Fermeture du site de l’INAO de Poligny : Eric Alauzet interroge le Ministre

Eric Alauzet a interrogé M. le Ministre de l’agriculture, de l’agroalimentaire et de la forêt, sur la pertinence et les raisons de la fermeture des sites des délégations territoriales de l’Institut National de l’Origine et de la qualité (INAO) en régions, alors que leur mission de mise en œuvre de la réglementation relative aux signes de qualité et de l’origine des produits agricoles et alimentaires implique par principe une organisation de proximité.

Cette décision intervient alors même que les produits sous signe officiel de qualité affichent une réussite économique inégalée : en 2011, le chiffre d’affaires à la première mise en marché des produits sous signes officiels (hors agriculture biologique) est estimé à près de 19 milliards d’euros HT, et en 2012, le record des exportations de vins sous AOC a été battu (6 millions d’hectolitres pour 4.14 milliards d’euros).

Le système des signes officiels d’identification de la qualité est reconnu et demeure un gage de qualité et d’authenticité des produits. Il permet de garantir à la fois leur provenance, mais aussi leurs règles de fabrication et de commercialisation, sécurités qui ne sont pas anodines quand on sait les fraudes actuelles dans les processus de fabrication des produits destinés à la consommation humaine.
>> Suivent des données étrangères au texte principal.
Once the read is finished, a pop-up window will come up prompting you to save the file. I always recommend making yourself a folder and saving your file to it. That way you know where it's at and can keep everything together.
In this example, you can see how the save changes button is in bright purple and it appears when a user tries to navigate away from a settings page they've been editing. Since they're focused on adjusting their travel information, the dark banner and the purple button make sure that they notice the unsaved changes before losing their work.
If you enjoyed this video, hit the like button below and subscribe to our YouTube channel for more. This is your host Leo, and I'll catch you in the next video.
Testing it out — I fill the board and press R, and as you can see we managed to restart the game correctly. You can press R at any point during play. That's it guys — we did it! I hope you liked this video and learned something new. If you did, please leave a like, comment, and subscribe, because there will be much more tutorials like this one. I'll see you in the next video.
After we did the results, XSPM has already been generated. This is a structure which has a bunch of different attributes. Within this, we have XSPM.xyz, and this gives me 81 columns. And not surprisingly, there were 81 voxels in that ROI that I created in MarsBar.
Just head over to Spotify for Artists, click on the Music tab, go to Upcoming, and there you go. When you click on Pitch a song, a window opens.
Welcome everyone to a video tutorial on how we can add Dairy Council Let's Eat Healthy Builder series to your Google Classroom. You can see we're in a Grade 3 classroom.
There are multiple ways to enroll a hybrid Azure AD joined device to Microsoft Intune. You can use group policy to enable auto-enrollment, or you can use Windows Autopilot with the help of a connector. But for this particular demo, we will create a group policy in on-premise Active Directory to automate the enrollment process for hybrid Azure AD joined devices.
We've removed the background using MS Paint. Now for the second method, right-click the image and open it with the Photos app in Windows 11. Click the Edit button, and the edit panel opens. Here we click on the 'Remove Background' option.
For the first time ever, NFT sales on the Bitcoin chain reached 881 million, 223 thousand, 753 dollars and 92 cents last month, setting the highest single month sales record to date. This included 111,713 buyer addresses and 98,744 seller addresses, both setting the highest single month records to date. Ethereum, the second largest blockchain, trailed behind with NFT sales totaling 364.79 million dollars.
De plus en plus de consommateurs font d’ailleurs le choix de la qualité et des produits locaux, pour s’assurer une alimentation saine.

A ce titre, le rôle de l’INAO est décisif dans le processus d’accompagnement des filières de qualité, mais également dans le développement de l’agriculture biologique, mode de production et de consommation aujourd’hui en pleine expansion.

Aussi, si les objectifs d’économie de ce plan sont légitimes, la réorganisation de l’INAO, en supprimant des petits centres de proximité, aura des répercussions fortes sur la structuration et le développement de ces filières de qualité, car la culture locale, le particularisme de chaque filière et celui de l’organisation interprofessionnelle qui l’incarne sont au cœur du fondement de l’AOC.

La fermeture du site de Poligny notamment, site qui concentre 4 AOC laitières, 7 AOC viticoles, 3 IGP viticoles, 5 IGP agro-alimentaires et 3 Labels Rouges, qui accompagne 433 producteurs en Agriculture Biologique, et qui représente 4061 entreprises agricoles sous Signes d’Identification de la Qualité et de l’Origine (SIQO) ; qui à lui seul représente plus de 40% du tonnage AOC français, dans un environnement qui concentre un fort savoir-faire dans le domaine fromager (ENIL, INRA, CECALAIT, CTFC, URFAC, sans compter l’importance des sites d’affinage) est difficilement compréhensible, dans une région où ces marqueurs de qualité sont à l’origine de la réussite de l’économie locale.

Cette fermeture annoncée des 10 sites de l’INAO en région aura donc des répercussions dommageables quant au suivi et à la qualité du service public de proximité en matière d’agriculture de qualité, sur l’ensemble de la chaîne du produit alimentaire, qu’il s’agisse du soutien aux filières et de l’accompagnement, jusqu’à l’information du consommateur.

Eric Alauzet a donc demandé au Ministre de bien vouloir lui indiquer quelles mesures il entendait prendre pour assurer le maintien et le développement des filières sous Signe d’Identification de la Qualité et de l’Origine (SIQO), garantir l’accompagnement des acteurs des filières locales d’un bout à l’autre de la chaîne de production, et favoriser le développement de l’agriculture biologique.